There I am in 20 degree weather, ankle deep in snow, putting on Kevlar chaps when I hear, “have you ever run a chain saw?” Um, no.

Well now I have, thanks to the Amana Society Forestry department who invited me to take a look at how they spend their work day.  Donning three layers and snow boots, I ventured into the Amana timber and that’s how we get to the part with me wearing chaps. Now, I’m the kind of person who is always looking for just a little bit of adventure. You won’t find me sky diving, but tromping through the snow with the possibility of using a chain saw? Yep, I’ll go for that. So I was really excited to have this rare opportunity.

The ASI forestry department consists of Larry Gnewikow and Tim Krauss. Larry attended school at Iowa State in the Forest Management program and Tim went to Upper Iowa University in the Conservation program. These are two outdoors men who know their stuff and they both are super nice and hospitable to boot.


This time of year Larry and Tim are out there working on tree stand improvement, or TSI. Using chain saws to cut into unwanted trees, like Iron Wood, they then put herbicides on them so they don’t grow back. The chemical is brightly colored so it can’t be missed (and gives the illusion in my photos that the tree is bleeding. Don’t worry. They aren’t.) After I geared up and was shown the safety precautions with the chain saw, Tim pointed out the iron woods to for me to cut down. I learned that TSI is an important job in forestry, because it gets rid of unwanted trees in order to give more room for the wanted ones to grow. Larry and Tim want to make sure there is a proper balance of tree species. The goal with TSI is to create a balanced ecosystem to have a healthy, productive timber.

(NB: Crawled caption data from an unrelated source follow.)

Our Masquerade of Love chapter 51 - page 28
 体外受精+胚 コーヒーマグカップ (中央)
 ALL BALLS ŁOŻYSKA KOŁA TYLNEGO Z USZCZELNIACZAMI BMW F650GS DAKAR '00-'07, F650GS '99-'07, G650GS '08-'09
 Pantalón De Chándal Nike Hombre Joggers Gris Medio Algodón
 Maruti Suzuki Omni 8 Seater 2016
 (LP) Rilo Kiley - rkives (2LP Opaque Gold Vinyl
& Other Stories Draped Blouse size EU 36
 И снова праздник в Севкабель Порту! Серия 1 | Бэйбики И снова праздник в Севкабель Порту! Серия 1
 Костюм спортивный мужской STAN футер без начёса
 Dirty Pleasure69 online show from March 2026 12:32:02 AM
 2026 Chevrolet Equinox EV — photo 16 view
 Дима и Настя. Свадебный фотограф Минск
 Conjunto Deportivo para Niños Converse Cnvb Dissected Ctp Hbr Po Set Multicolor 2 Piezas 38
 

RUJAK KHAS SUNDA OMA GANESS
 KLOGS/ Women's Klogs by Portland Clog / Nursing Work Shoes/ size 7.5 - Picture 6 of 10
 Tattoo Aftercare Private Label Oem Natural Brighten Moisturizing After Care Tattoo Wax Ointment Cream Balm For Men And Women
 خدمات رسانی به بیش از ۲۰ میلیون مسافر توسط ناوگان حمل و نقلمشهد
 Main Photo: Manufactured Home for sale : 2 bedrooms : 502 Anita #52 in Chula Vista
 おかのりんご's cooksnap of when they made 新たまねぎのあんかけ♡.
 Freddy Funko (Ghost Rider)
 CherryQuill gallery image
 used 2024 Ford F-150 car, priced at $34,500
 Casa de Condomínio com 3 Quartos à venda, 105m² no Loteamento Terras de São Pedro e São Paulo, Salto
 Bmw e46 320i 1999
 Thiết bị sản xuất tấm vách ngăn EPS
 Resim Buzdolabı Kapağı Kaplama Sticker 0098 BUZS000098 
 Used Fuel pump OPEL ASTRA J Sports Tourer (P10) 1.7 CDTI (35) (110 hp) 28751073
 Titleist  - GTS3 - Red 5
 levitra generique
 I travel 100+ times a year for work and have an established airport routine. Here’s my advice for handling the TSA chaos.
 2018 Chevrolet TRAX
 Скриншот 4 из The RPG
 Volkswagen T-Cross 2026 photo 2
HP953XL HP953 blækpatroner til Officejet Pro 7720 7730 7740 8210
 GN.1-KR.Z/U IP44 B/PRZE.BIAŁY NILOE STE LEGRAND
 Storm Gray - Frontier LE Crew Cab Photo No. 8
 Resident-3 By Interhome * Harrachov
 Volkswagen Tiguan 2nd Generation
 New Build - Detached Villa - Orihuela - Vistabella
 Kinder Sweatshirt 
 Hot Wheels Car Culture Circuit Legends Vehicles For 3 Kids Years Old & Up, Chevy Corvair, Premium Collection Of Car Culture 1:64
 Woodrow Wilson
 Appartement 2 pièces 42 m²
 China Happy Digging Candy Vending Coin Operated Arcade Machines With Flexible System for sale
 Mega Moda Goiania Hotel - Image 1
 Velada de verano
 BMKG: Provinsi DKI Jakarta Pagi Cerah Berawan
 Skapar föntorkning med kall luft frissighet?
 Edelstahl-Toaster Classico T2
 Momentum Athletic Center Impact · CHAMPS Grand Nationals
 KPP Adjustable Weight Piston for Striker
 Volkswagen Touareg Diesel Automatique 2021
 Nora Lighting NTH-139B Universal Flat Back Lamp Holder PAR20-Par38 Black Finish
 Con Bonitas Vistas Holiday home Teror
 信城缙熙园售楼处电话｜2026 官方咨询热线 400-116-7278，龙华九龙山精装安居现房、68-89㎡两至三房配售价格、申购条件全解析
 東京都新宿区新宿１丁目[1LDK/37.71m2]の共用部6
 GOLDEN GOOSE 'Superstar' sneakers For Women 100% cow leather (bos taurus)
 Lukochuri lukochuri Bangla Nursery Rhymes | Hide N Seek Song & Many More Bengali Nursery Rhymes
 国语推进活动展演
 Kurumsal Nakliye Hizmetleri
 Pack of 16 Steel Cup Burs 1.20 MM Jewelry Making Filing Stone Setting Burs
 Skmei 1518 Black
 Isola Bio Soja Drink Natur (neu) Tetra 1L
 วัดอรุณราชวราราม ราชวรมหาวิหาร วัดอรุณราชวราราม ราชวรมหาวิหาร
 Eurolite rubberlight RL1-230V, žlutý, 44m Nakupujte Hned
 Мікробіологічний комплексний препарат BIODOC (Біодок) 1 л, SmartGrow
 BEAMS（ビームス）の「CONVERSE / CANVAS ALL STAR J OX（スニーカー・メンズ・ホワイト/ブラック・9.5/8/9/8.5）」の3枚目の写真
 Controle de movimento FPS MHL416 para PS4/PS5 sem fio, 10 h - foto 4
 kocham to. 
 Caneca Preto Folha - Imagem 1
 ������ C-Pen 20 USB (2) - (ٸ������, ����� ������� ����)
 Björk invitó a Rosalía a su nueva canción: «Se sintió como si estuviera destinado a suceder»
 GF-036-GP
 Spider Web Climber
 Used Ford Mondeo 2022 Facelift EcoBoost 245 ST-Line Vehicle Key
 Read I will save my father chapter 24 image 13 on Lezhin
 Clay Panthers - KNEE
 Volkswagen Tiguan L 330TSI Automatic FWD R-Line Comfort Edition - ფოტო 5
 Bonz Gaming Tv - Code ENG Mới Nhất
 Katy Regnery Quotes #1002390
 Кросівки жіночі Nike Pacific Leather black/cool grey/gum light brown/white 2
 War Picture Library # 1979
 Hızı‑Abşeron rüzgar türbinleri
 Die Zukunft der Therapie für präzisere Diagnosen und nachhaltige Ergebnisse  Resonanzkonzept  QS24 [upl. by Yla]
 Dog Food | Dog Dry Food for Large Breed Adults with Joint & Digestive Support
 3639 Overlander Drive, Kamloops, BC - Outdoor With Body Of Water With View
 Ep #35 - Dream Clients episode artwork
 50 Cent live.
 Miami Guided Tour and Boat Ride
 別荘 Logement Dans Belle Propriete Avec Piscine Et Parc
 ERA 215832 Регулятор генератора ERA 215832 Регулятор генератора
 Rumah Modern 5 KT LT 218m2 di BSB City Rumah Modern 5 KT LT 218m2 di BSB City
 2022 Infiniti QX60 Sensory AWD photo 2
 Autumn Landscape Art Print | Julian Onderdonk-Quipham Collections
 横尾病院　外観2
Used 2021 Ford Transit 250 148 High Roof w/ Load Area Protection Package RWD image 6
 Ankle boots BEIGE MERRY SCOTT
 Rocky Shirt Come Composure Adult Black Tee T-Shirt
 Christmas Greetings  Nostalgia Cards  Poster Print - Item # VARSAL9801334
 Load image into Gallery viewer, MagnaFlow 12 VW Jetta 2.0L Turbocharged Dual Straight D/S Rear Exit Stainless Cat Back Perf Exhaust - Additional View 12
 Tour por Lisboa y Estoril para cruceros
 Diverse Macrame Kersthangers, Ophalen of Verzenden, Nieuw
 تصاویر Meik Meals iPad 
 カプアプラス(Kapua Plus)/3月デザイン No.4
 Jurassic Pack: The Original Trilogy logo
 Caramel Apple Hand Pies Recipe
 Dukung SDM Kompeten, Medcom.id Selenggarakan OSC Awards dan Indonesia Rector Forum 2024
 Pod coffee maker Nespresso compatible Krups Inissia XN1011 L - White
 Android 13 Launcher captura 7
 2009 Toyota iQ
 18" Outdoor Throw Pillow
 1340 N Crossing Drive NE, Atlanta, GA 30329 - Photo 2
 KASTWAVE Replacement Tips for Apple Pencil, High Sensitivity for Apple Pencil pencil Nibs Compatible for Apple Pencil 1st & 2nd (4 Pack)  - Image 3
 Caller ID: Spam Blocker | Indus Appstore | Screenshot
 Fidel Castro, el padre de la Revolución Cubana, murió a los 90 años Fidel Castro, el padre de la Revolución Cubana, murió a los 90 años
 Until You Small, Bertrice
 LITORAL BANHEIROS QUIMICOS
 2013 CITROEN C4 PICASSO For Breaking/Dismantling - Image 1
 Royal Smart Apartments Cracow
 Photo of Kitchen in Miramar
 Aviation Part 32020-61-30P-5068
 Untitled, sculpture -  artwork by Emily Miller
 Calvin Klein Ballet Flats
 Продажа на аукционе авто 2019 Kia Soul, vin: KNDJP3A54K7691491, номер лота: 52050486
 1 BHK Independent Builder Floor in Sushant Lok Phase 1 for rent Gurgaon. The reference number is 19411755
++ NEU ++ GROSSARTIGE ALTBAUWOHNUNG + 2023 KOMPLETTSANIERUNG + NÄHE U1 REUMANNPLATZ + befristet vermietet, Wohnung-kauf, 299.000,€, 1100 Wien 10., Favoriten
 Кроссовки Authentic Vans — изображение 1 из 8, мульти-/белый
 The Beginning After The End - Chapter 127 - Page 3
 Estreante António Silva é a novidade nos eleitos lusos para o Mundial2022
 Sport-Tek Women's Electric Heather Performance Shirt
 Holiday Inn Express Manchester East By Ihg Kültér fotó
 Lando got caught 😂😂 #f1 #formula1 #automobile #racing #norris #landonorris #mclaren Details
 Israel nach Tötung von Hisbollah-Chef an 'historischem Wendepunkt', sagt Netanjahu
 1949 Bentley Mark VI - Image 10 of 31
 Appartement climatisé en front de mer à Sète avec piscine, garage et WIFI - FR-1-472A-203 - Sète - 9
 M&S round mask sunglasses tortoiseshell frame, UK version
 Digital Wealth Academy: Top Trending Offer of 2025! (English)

Along with TSI Larry and Tim’s job includes the planting and harvesting of trees. They plant mostly Red and White Oak, Walnut and Maple. They collect local seeds, like walnuts and acorns, to be planted another year. They plant any where from a thousand to two thousand trees a year and harvest about as many trees as they plant. After felling, these trees are taken to a saw mill and made into lumber. From there the lumber is sold on the open market, though a  percentage does get sold to the Amana Furniture Shop. So if you buy furniture from Amana, it is possible that it was not only made here, but grown here too.

Now amongst all of this serious forestry business, Larry and Tim are a hoot to hang out with. Ask any question about the forestry and Larry will answer it, along with a big laugh. This is definitely the guy I want teaching me how to run a chainsaw; with him its safety first and joke second. Tim seems to be the resident cook and made us up some deer steaks and French fries over the campfire for lunch. I have never seen anyone cook fries over a camp fire. Seeing what they do was great, but lunch was the best part. Honestly now I am quite jealous of Larry and Tim’s job, it was really fun being out there amongst the trees and working and eating with the guys. Though I’m not sure about being out in the elements all of the time. I never did see the sign for the ladies room.